3. A method for detecting a forged video based on frequency domain self attention as claimed in claim 1, wherein the step 2.2 specifically comprises:

setting the size of the reconstructed face image to be H multiplied by W and the size of the image block to be P multiplied by P, obtaining N image blocks, wherein N is (H multiplied by W)/P ²；

Dividing N said graphs according to formula (4)Block conversion to sequence data z₀：

Wherein x is_classRepresenting a class-related variable learnable by the D-dimension,

4. A method for detecting a forged video based on frequency domain self attention as claimed in claim 3, wherein the step 2.3 specifically comprises:

z'_l＝MHA(LN(z_l-1))+(z_l-1),l＝1...L (5)

z_l＝MLP(LN(z'_l))+(z'_l),l＝1...L (6)

wherein MHA (-) represents a multi-head attention mechanism; LN (·) denotes layer normalization; MLP (-) represents a multi-layer perceptron; recording the corresponding multilayer perceptron in the formula (6) as a first multilayer perceptron, and recording the corresponding multilayer perceptron in the formula (7) as a second multilayer perceptron; l represents the total number of layers of the Transformer, L represents the L-th layer, z_lRepresents the output of the l-th layer MLP, z'_lRepresents the output of the l-th layer MHA,

denotes z_lIn the 1 st dimensionAnd (4) data.

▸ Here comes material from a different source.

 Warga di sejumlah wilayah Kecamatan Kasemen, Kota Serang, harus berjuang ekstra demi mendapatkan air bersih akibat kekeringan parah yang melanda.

5. The method for detecting forged video based on frequency domain self-attention according to claim 4, wherein the first multi-layer perceptron is composed of two hidden layers; the first hidden layer has H ₁A node, the second hidden layer having H₂A plurality of nodes; wherein H₁＝D，H₂Is equal to the output dimension of the multilayer perceptron;

wherein the content of the first and second substances,

an output representing an i-th hidden node of a first hidden layer of the MLP;

6. The method according to claim 4, wherein the second multi-layered perceptron has a hidden layer, the hidden layer has two nodes, the value of the first node is taken as the probability that the video frame is a real video frame, and the value of the second node is taken as the probability that the video frame is a fake video frame.